BEGIN Data extract

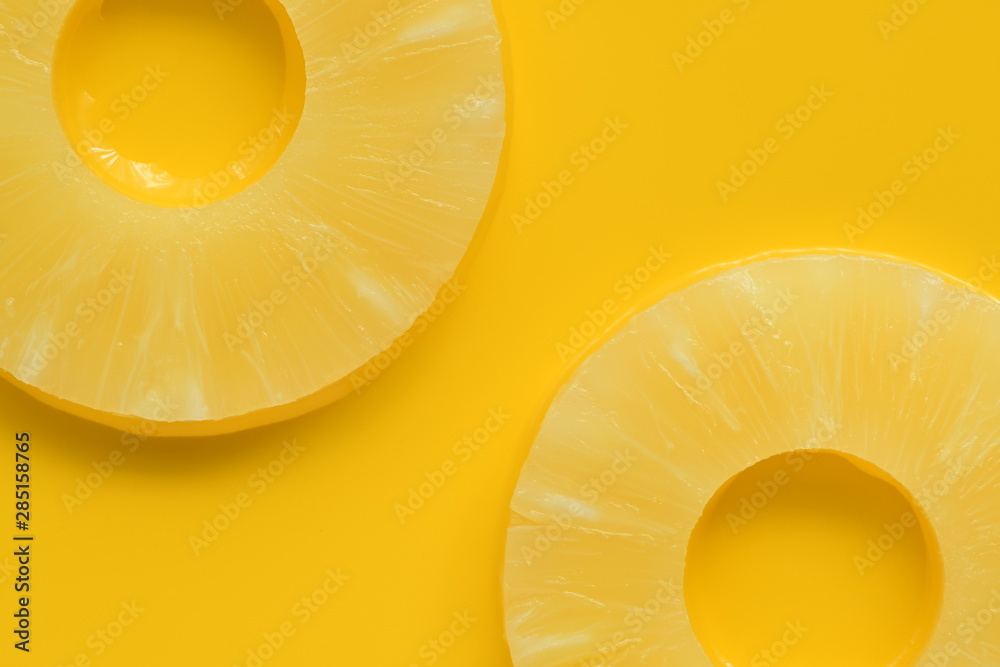 パイナップル 背景黄色 Stock 写真 Adobe Stock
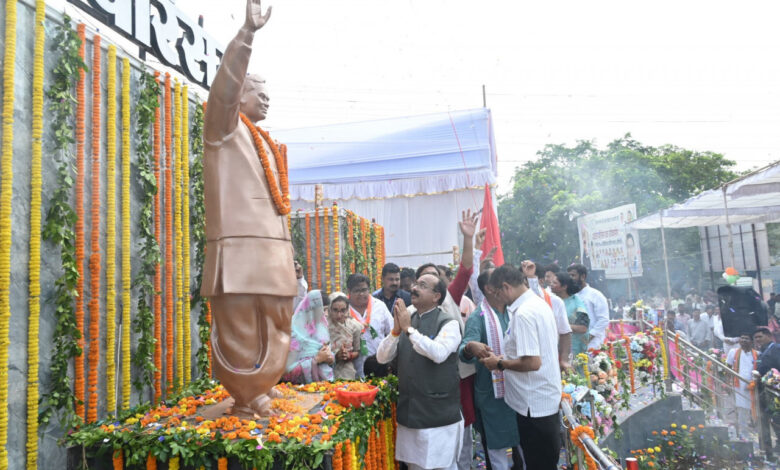 जल्दी ही वृहद स्तर पर शुरू होगा सड़कों के पुनर्निर्माण का काम – उप मुख्यमंत्री अरुण साव….. जल्दी ही वृहद स्तर पर शुरू होगा सड़कों के पुनर्निर्माण का काम – उप मुख्यमंत्री अरुण साव…..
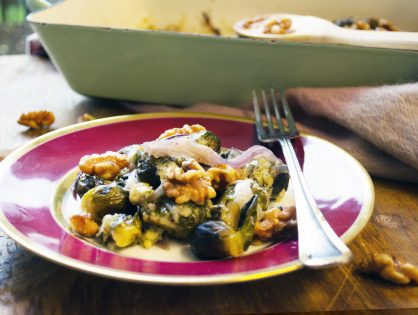 Sprossenkohl aus dem Ofen mit Gorgonzola und karamellisierten Walnüssen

END Data extract

• **What the task asks**
The expected output is every line of the data, unchanged, with the pictures skipped.

• **Solution for this task**
 パイナップル 背景黄色 Stock 写真 Adobe Stock
 जल्दी ही वृहद स्तर पर शुरू होगा सड़कों के पुनर्निर्माण का काम – उप मुख्यमंत्री अरुण साव….. जल्दी ही वृहद स्तर पर शुरू होगा सड़कों के पुनर्निर्माण का काम – उप मुख्यमंत्री अरुण साव…..
 Sprossenkohl aus dem Ofen mit Gorgonzola und karamellisierten Walnüssen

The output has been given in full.